Video on demand. Video on demand systems allow a user to select a video clip (perhaps a long clip, like a movie) and have the video, audio, and perhaps supporting documents, be instantly available for viewing [Rangan et al., 1992; Rowe and Smith, 1992]. The data usually can be played back at various speeds and with random access. These systems concentrate on allowing synchronous access to data recorded at a previous time.
Teleconferencing. Video conferencing systems tend to be modelled on telephony; they give the user the capability to conduct a face-to-face type interaction with a user a remote location [Fish et al., 1990; Watabe, 1990; Ahuja and Ensor, 1992]. These systems do not usually allow the user to review the session; the data is not stored in the system. These systems focus on connecting people who are synchronized in time.
Multimedia documents. Multimedia document systems focus on the construction, layout, and retrieval of mixed media documents, especially those containing video or high-resolution images [Buchanan and Zellweger, 1992; Hardman et al., 1993]. These systems focus on the presentation of previously constructed data, allowing asynchronous communication between author and reader. Of particular note in this category is Raison d'Etre [Carroll et al., 1994]. This system did not augment the capture of activity, but rather organized fragments of recorded video using an issue-based hypermedia framework. The source material consisted of video recordings of interviews with members of a design project that were then manually segmented and categorized. Thus, segment retrieval was conceptualized as a pre-structured (rather than emergent) activity, organized around the content and not an augmented one based on activity indices.

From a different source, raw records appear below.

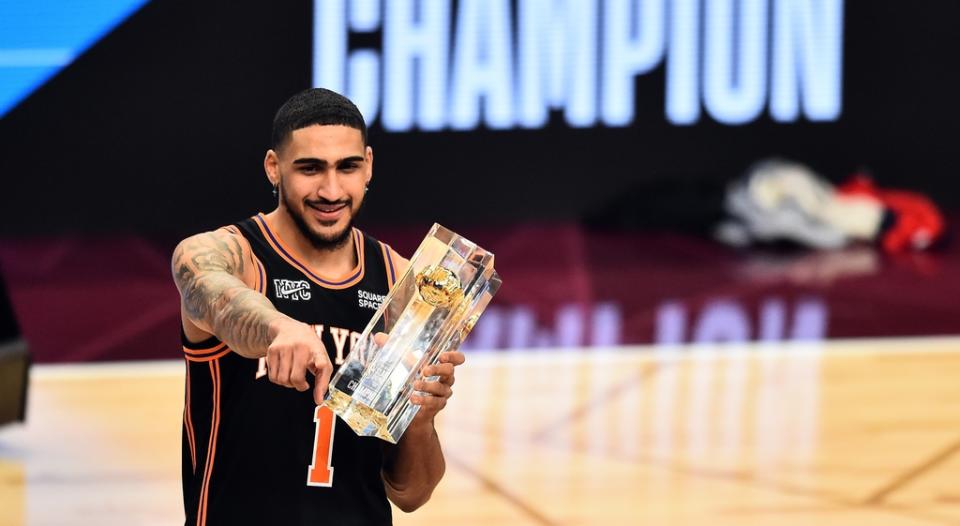 New York Knicks forward Obi Toppin (1) celebrates with the trophy after winning the AT&amp;T slam dunk contest during the 2022 NBA All-Star Saturday Night at Rocket Mortgage Field House.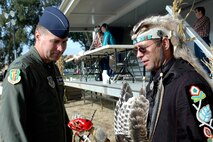 Col. Steven Arquiette, 60th Air Mobility Wing commander, discusses Native American traditions with Al Garlick during Travis Air Force Base’s Fifth Annual Native American Veterans’ Pow-Wow Nov. 4. (U.S. Air Force photo by Staff Sgt. Candy Knight/60th Air Mobility Wing Public Affairs)
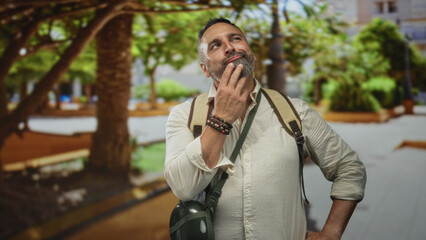 Fototapeta premium Middle age bearded man with backpack and canteen touching chin and smiling in forest walkway near park benches; playful curiosity.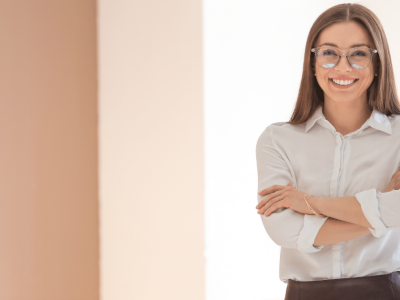 Smiling businesswoman in a professional setting, representing small business empowerment and web solutions.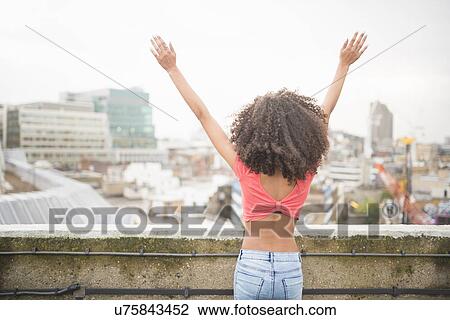 Young woman with arms raised, rear view View Large Photo Image Stock Image - Young woman with arms raised, rear view. Fotosearch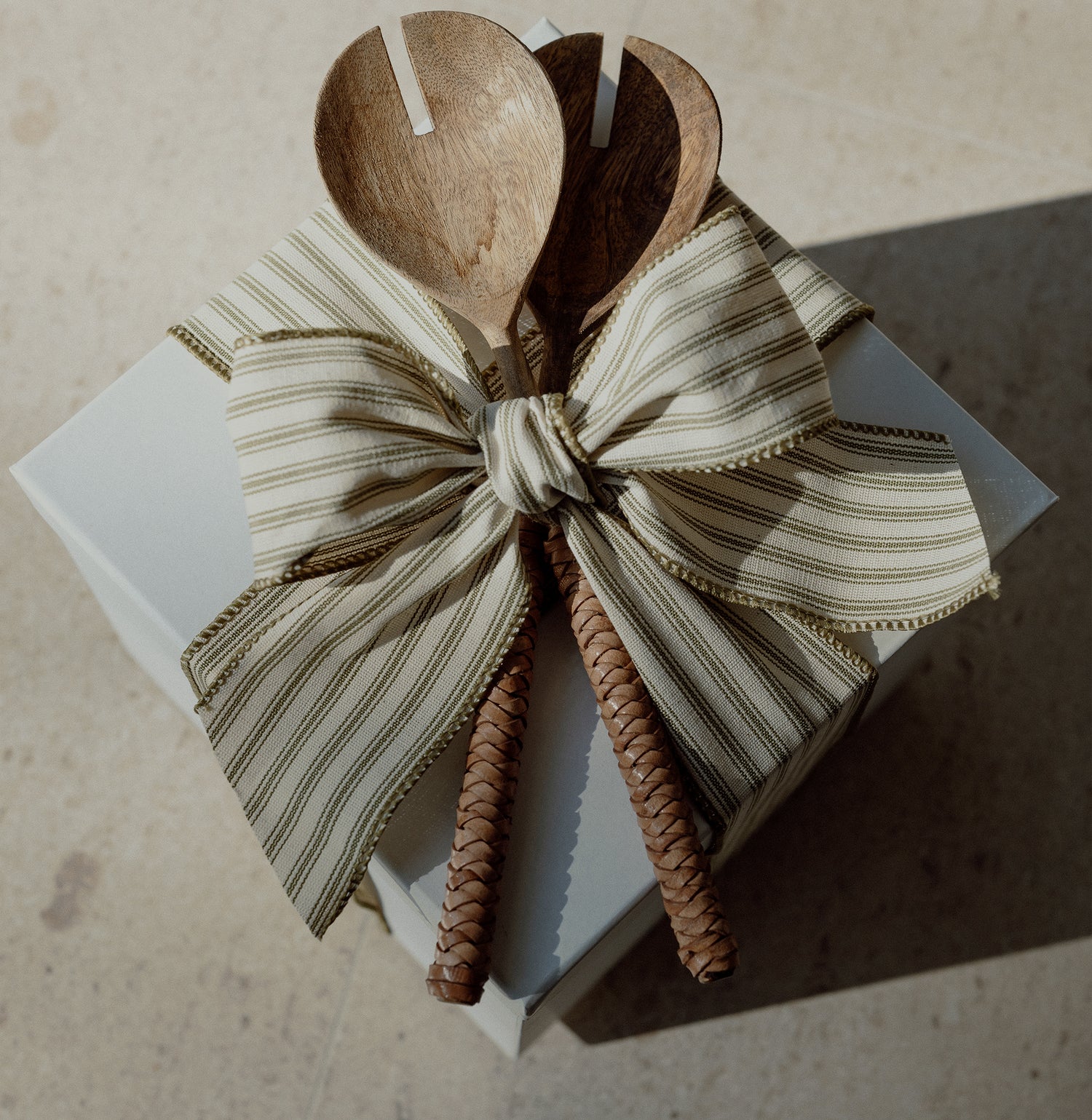 White box with cream and green striped ribbon wrapped in a bow, with wooden spoons held within the knot on top of the box.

The Coral confederation of applications resulted from a mixture of top-down and bottom-up development; the flexible approach permits expedient changes to serve the needs of our users, while supporting a smooth transition from prototype to architectural changes. The confederation approach has served us well over the course of the project, but elements of the system are currently being redesigned to better support the uses and demands that have emerged from our expereinces with real applications and actual users. In particular, the move to media servers will permit easier exploration of new datatypes, and an improved notification system should ease application coordination.
We are indeed shifting some attention from the capture setting to the range of accessing that might be useful for a population of users. A wide range of scenarios surface here, from looking over a meeting that one missed to searching for a remembered comment to maintaining a group notebook. These applications take further advantage of the network and multi-user aspects of the infrastructure, allowing us to investigate the power of merging information from multiple users' marking activity and derived indices.
Activity capture and access via the recording of time-based data has turned out to be an extremely rich area with diverse research threads--speech signal processing, pen-based user interfaces, distributed object systems, real-time multimedia indexing, and so on. The niche of near-synchronous and pre-narrative multimedia has proven to hold opportunities for both novel applications and truly useful functionality.